A Quiet Place, You Were Never Really Here, and the monsters we don't see

What Are You Watching? is a weekly space for The A.V Club’s staff and readers to share their thoughts, observations, and opinions on film and TV.

A.A. Dowd wrote our review, but let me offer some thoughts of my own on Lynne Ramsay’s new movie, You Were Never Really Here, which continues the Scottish writer-director’s dual exploration of disturbing, alienated behavior (an area of interest since her debut, Ratcatcher) and Nicolas Roeg-esque narrative and visual fragmentation. The simple plot, which is taken from a novella by Jonathan Ames, has the trajectory of an object already in motion: A New York politician’s daughter has disappeared; a professional thug named Joe (Joaquin Phoenix) with serious psychological issues is hired to get her back; the wrong people get crossed. But Ramsay’s fracturing style makes the movie’s most literal and obvious qualities, like the relationship between Joe and the girl or the ironically on-the-nose pop songs on the soundtrack (another Ramsay specialty), seem like enigmas. I’m still mulling it over.

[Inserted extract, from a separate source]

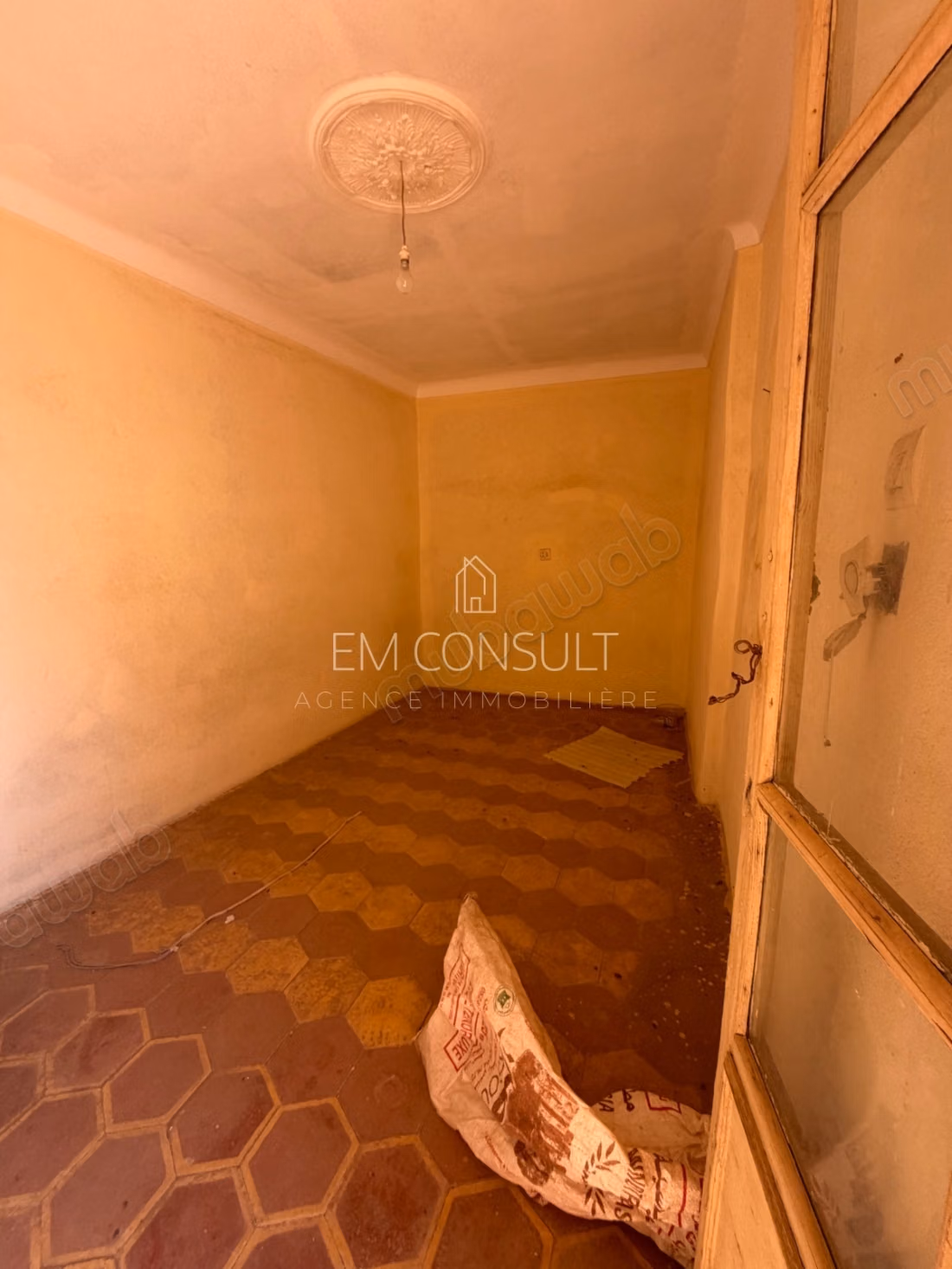 À vendre riad 11ch a rénover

A lot of it probably has to do with Ramsay’s use of sound—not the Jonny Greenwood score (which is typically excellent), but the soundscape of crowd, car, and subway noises. That, and the question of where fantasy ends and the film’s heightened reality
begins. (Obviously, Taxi
Driver
is a major point of reference.) I have my own theories. But because
I don’t want to spoil a movie that’s only opening in limited release, I’ll just
say that, in my opinion, figuring out what is and isn’t real is the key to Joe’s
character and, by extension, the film.

What interests me, too, is You Were Never Really Here’s violence, which is both sadistic and oblique. Ramsay always depicts it in a desensitized way that sidesteps visceral impact (a lot of it happens off-screen), but is still disturbing, sometimes darkly comic. The most obvious (and at this point, most discussed) example is a rampage through a secret multi-story sex club that we see from the randomly cycling points-of-view of black-and-white security cameras. But there are many others. Ramsay’s direction is intentionally cracked, scenes put together from jagged pieces or in come cases just one long close-up. It makes me think about staging in general, which has been on my mind since I re-watched Steven Spielberg’s War Of The Worlds (long overdue). Spielberg’s sense of classic spectacle is second to none. Like the other great movies of his 2000s “dark period,” War Of The World subverts it. The imagery are macabre and surrealistic: The bodies floating down the river, the empty crashed jetliner, the crowd of onlookers vaporized into puffs of ash by the alien war machine.

Another new film comes to mind: John Krasinki’s A Quiet Place, a well-made scare machine with almost no spoken dialogue, set some time after the Earth has been invaded by blind, toothy, chitinous monsters with extra-sensitive hearing. There’s an effective metaphor for grief in the movie’s depiction of a family of survivors (Krasinki and Emily Blunt play the parents) living in near silence, though it’s ditched in favor of pure suspense mechanics in the second half—monsters creeping up to the characters and so on. Actually, A Quiet Place and You Were Never Really Here make a complementary
pair: one a derivative genre movie that adheres so strictly to a gimmick that
it sometimes verges on becoming a minimalist art film (especially in the long, quiet sections of the first act), the other a minimalist art film
doing everything it can to shred its derivative genre plot into strange pieces.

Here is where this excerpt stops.